Among the different types of arrays that exist in Arrow, one of them is the StructArray
. When converted to a pandas structure using PyArrow, it returns a pd.Series
with a number of rows, each of them containing a dictionary:
>>> pa.array([{'x': 1, 'y': True}, {'z': 3.4, 'x': 4}]).to_pandas()
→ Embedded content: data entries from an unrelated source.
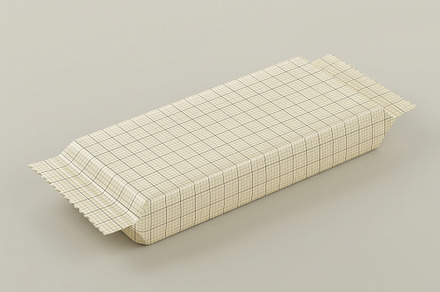 Plastic Rectangular Packaging Mockup, a Product Mockup by Luuqas Design
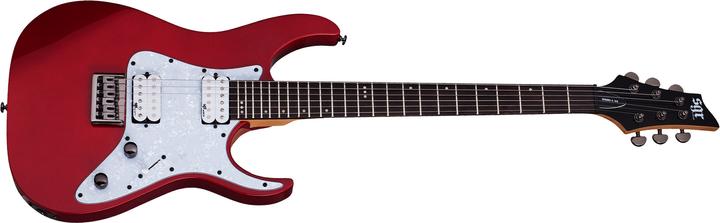 Schecter Guitar Research Schecter SGR Banshee-6 sähkökitara, Metallic Red (E-Gitarre, Mahagoni)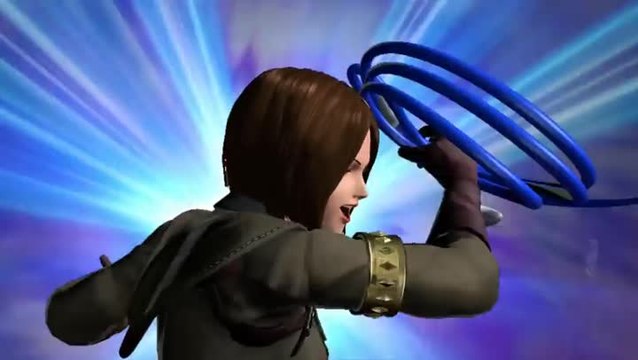 KOF XIV Whip DLC Character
0 {'x': 1.0, 'y': True, 'z': None}
1 {'x': 4.5, 'y': None, 'z': 3.4}
dtype: object
On the other hand, a RecordBatch
advertises itself as "a collection of equal-length array instances":
>>> pa.RecordBatch.from_pylist([{'x': 1, 'y': True, 'z': None}, {'z': 3.4, 'x': 4.5}]).to_pandas()
x y z
0 1.0 True NaN
1 4.5 None 3.4
However, even if one takes the form of a pd.Series
and the other a pd.DataFrame
, it seems to me that, essentially, they both contain the same information. One is an array, the other is a collection of arrays.
Therefore, what can a RecordBatch
do that a StructArray
cannot?
They're different abstractions. A StructArray is an Array with an associated type; it's a nested array. A RecordBatch is a…RecordBatch and contains a schema; abstractly, it's a 2D chunk of data where each column is contiguous in memory.
They intentionally have similar interfaces because they "look similar" to each other, but for instance, a StructArray can't be written to a file by itself; it would need to be wrapped and converted into a RecordBatch.
Also, StructArray (as an Array) has a top-level validity bitmap (i.e. each of its child arrays has their own validity information, and so does the StructArray itself). But a RecordBatch doesn't have its own validity bitmap.